Volvo Group’s venture capital arm has invested in company  that is at the forefront of large scale wireless charging. The company is Momentum Dynamics and its  wireless chargers already keep buses running around the clock in several U.S. cities.

Wireless charging allows any type of vehicle to automatically connect to the electrical power grid without wires or cables. The charger, buried below ground or mounted to a parking surface, connects with a receiver mounted under the vehicle.

“Momentum Dynamics’ technology and competence within inductive bidirectional transmission of electrical energy and information safely through air, water and ice will fit the harsh conditions under which our customers operate,” said Per Adamsson, vice president at Volvo Group Venture Capital.

Neither Volvo nor Momentum Dynamics would discuss how much Volvo invested.

Volvo said in December it would produce an electric version of its VNR heavy-duty truck in 2021.

Volvo is exploring infrastructure options “within the ecosystem around electric transportation and energy supply,” said Stefan Söderling, investment director at Volvo Group Venture Capital.

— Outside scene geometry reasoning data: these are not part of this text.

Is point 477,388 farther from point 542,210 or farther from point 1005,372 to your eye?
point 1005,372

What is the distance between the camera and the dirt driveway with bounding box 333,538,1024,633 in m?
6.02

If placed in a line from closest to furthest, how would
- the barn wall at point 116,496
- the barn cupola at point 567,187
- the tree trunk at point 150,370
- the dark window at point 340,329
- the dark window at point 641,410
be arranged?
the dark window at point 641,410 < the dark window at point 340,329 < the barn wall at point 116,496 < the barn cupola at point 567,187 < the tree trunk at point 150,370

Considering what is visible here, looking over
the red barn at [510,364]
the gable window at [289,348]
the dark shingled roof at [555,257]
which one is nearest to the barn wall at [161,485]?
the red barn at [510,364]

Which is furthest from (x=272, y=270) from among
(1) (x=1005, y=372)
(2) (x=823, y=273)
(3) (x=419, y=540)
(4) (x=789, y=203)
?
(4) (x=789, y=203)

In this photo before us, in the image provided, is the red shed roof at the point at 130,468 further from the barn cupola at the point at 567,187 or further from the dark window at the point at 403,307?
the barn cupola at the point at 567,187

A recent report by the British analytics firm Interact predicts global sales of slightly more than 4 million battery-electric, plug-in hybrid and conventional hybrid trucks through 2025. Light and medium-duty models will account for most of them.

Paccar’s DAF, has partnered with VDL Group and Cummins to electrify its CF and LF trucks. Freightliner, Daimler Truck’s U.S. brand, recently delivered the first eM2 medium duty electric truck  to Penske Truck Leasing. Paccar’s Peterbilt Motors division last week unveiled a new medium duty electric chassis for regional freight, delivery and refuse truck use.

Momentum Dynamics, a privately held 10-year-old suburban Philadelphia company, said wireless charging has applications for all types of trucks, beginning with delivery and medium-duty trucks that operate on the same routes.

Heavy-duty trucks that sit for long periods waiting to pick up loads from ports “should be charging while they are waiting,” Andrew Daga, chief executive of Momentum Dynamics, told

“The entire industry has neglected the idea of how to fuel (electric) vehicles,” he said.

In local delivery, wireless charging avoids having to train package handlers how to plug in and remove chargers from electric trucks.

“They forget, or do it improperly, or drive away still plugged in,” Daga said.

Momentum Dynamics has provided 200-kilowatt wireless charging systems to bus systems in three American cities Chattanooga, Martha’s Vineyard and Columbia. Buses charging during longer stops have enough energy to operate for 24 hours straight, Daga said.

A wireless charging system costs about the same as a plug-in charger. But wireless costs less to operate because it has fewer parts that wear out. Momentum Dynamics claims 94.7 percent charging efficiency.

Direct charging plug-in systems lose efficiency over time because they more power conversion stages than wireless. Insulation cables wears out, leading to cracks, and spring-mounted reels are expensive to replace, Daga said.

Truck companies “don’t want to add new maintenance cost of any kind,” he said.